Leaving the pictures aside, write out the whole listing below exactly.

**DATASET CONTENT**
━━━━━━━━━━━━━━━━
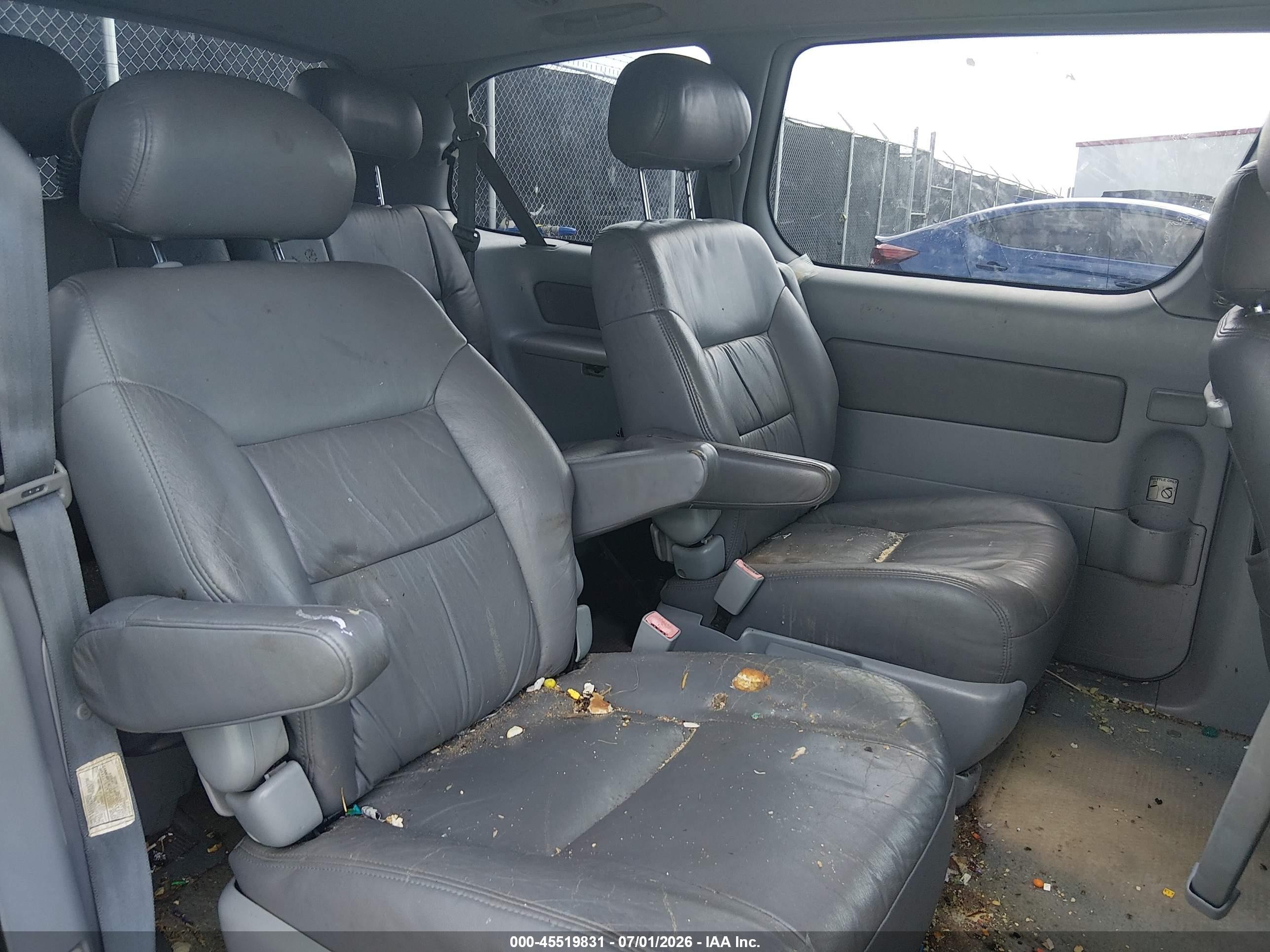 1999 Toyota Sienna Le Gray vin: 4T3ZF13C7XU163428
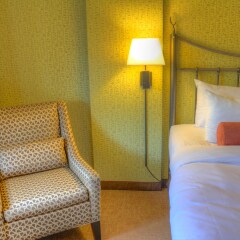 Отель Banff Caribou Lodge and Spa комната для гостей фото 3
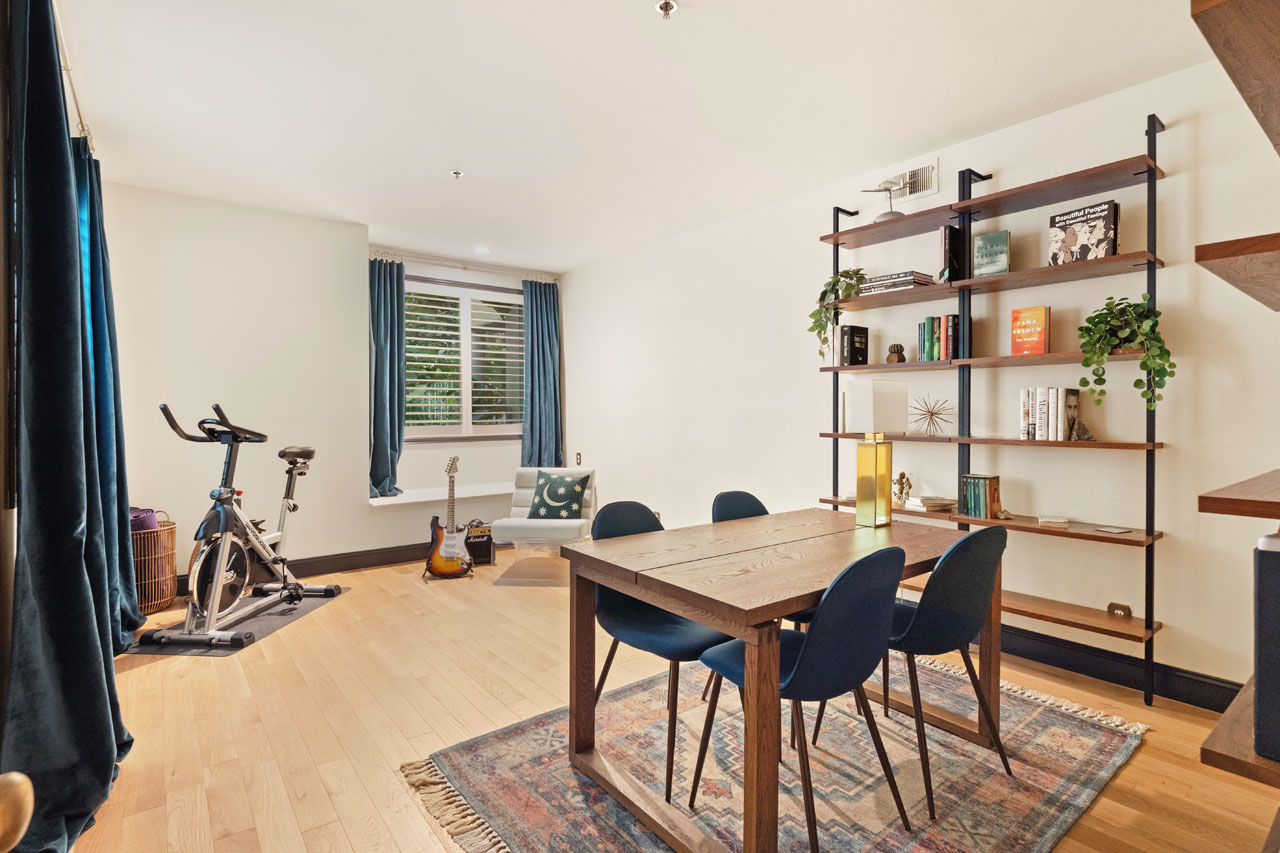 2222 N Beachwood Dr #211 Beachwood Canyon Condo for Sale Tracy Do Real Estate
━━━━━━━━━━━━━━━━
**THE COMPLETED TASK**
 1999 Toyota Sienna Le Gray vin: 4T3ZF13C7XU163428
 Отель Banff Caribou Lodge and Spa комната для гостей фото 3
 2222 N Beachwood Dr #211 Beachwood Canyon Condo for Sale Tracy Do Real Estate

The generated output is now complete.